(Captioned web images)
########
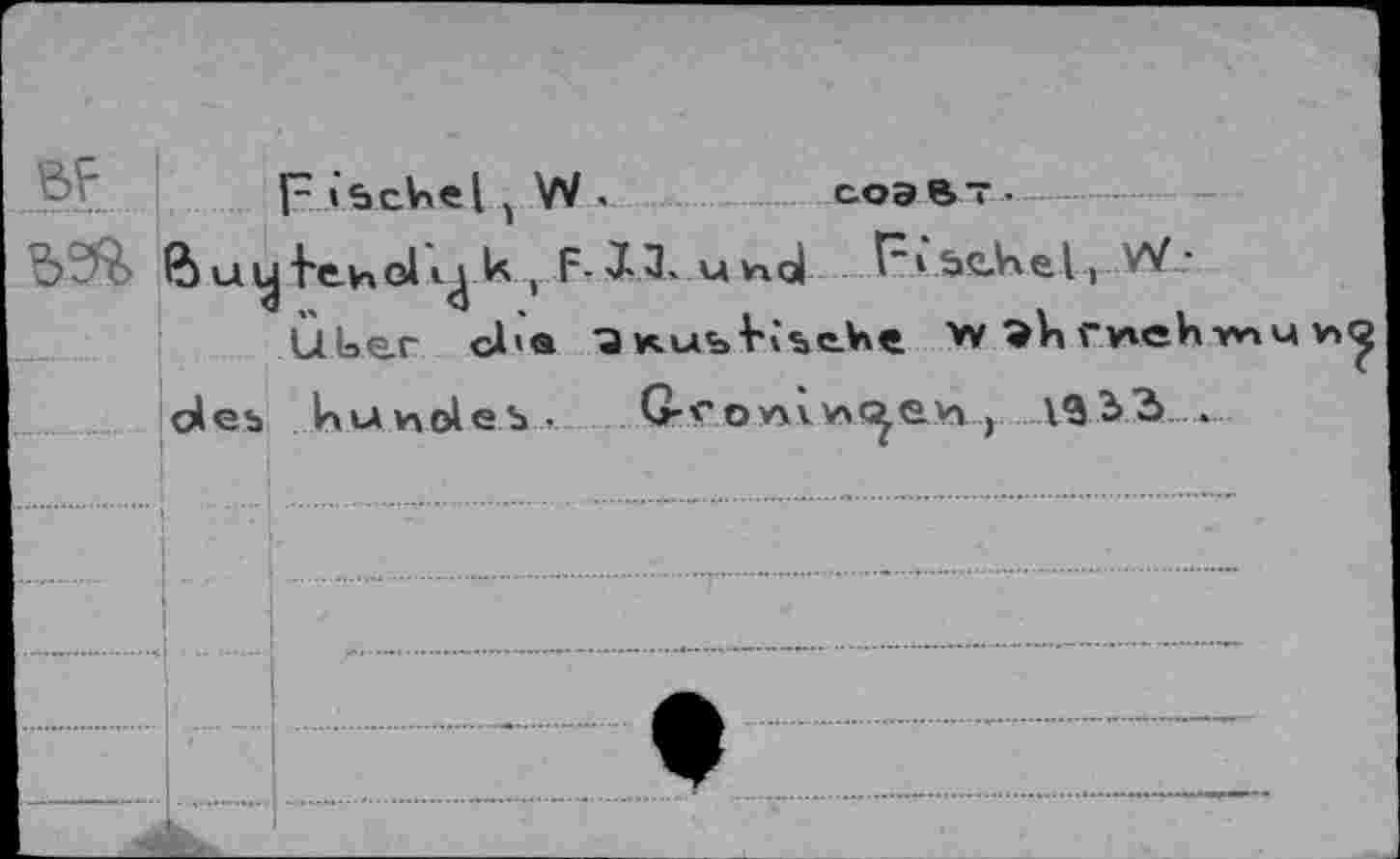 ﻿F 6f bS%	(?)	F »Sehet , VV -	соэвт • ■bencli^h , F-X3» u vt.q| P» sehett ^-, Û.Ue.r cba	W ?Vi rvtch wu v><^ kunoleî»’	G-f’owiv'^ehj Д%ЪЗ—
	о1еь 		
			•	:::il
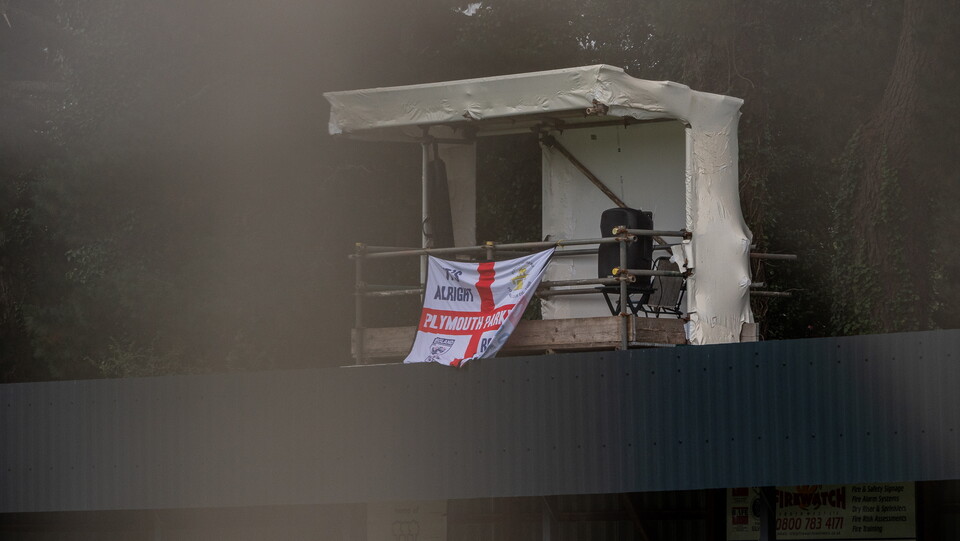 Alt Look | Plymouth Parkway 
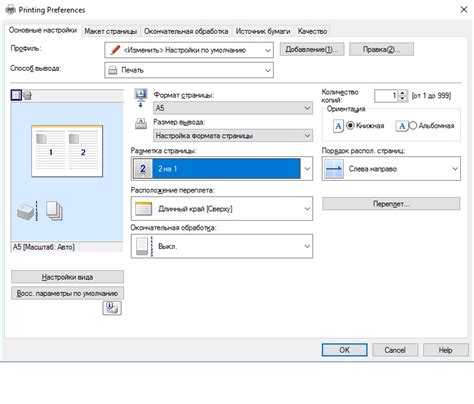 Распечатать два листа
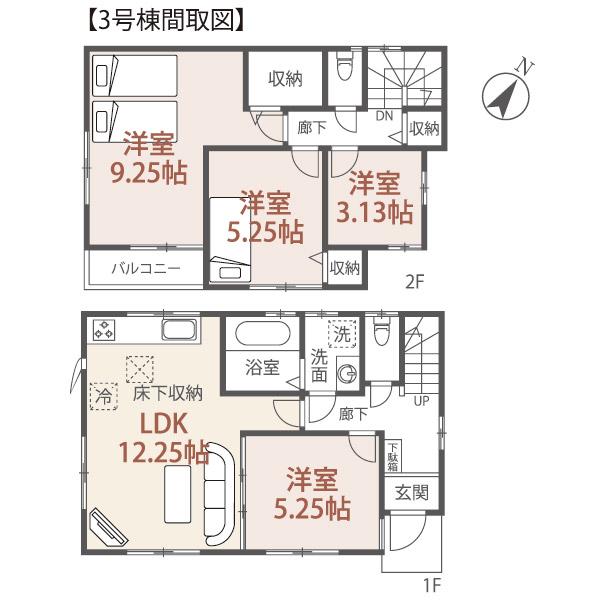 Floor plan. (3 Building), Price 60,800,000 yen, 4LDK, Land area 90.29 sq m , Building area 83.01 sq m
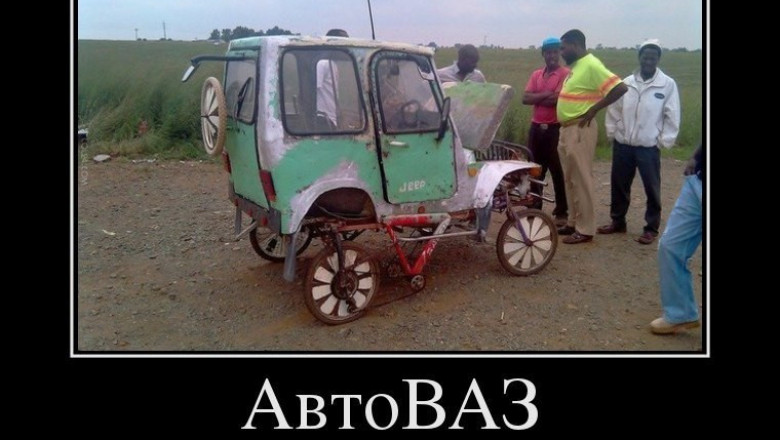 Новые модели автомобилей от АвтоВАЗа 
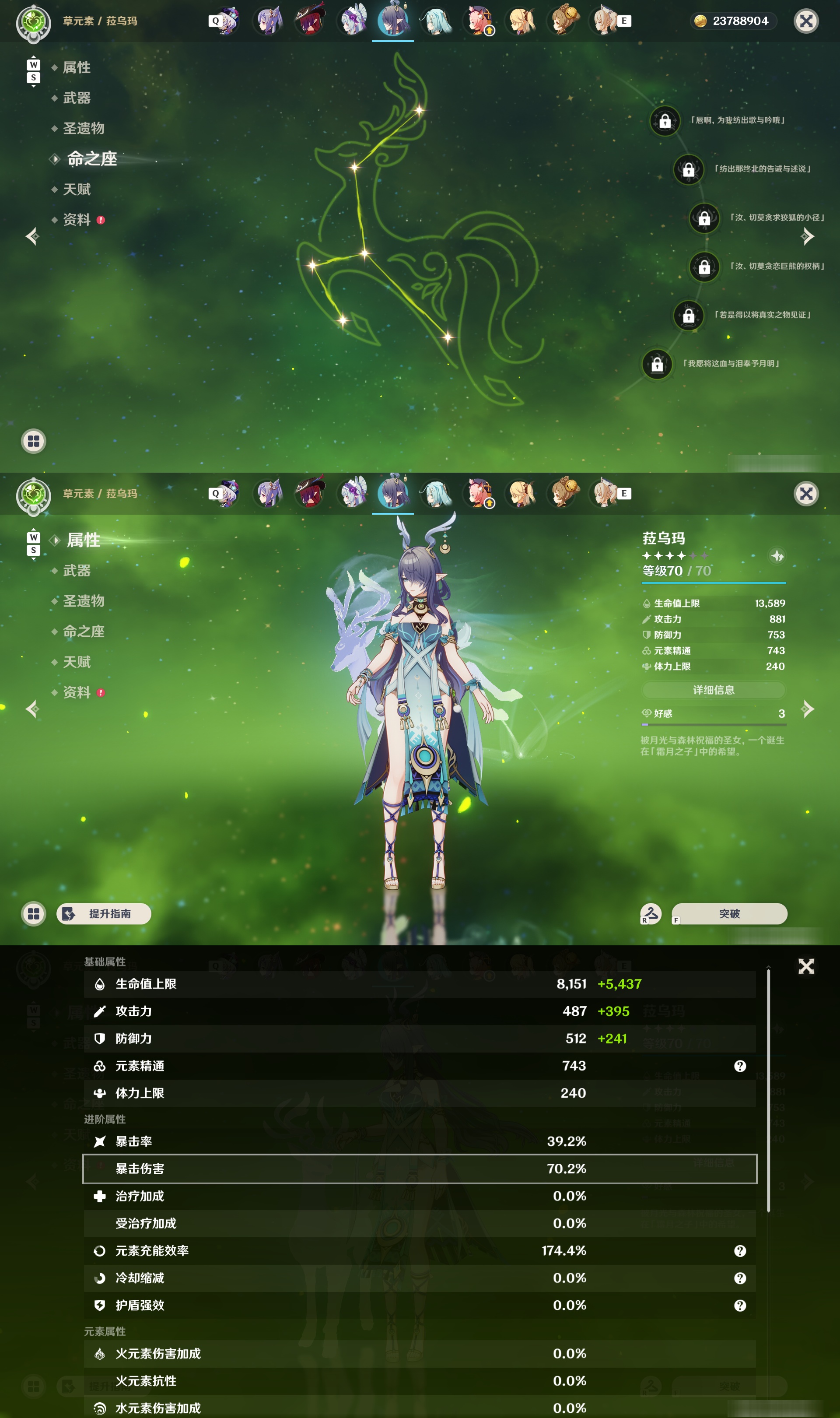 YSMK48860原神账号详情图30 YSMK48860原神账号详情图30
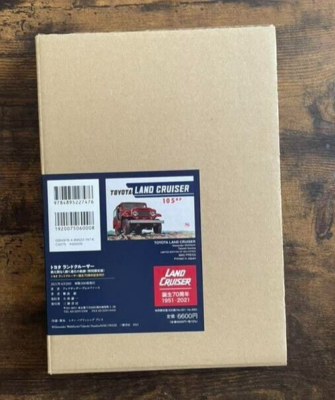 非売品 TOYOTA 70th Annniversary Storybook 非売品 TOYOTA 70th Annniversary Storybook 【公式通販】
########
Please return the records as they stand, word for word, with no pictures.

 ﻿F 6f bS%	(?)	F »Sehet , VV -	соэвт • ■bencli^h , F-X3» u vt.q| P» sehett ^-, Û.Ue.r cba	W ?Vi rvtch wu v><^ kunoleî»’	G-f’owiv'^ehj Д%ЪЗ—
	о1еь 		
			•	:::il
 Alt Look | Plymouth Parkway 
 Распечатать два листа
 Floor plan. (3 Building), Price 60,800,000 yen, 4LDK, Land area 90.29 sq m , Building area 83.01 sq m
 Новые модели автомобилей от АвтоВАЗа 
 YSMK48860原神账号详情图30 YSMK48860原神账号详情图30
 非売品 TOYOTA 70th Annniversary Storybook 非売品 TOYOTA 70th Annniversary Storybook 【公式通販】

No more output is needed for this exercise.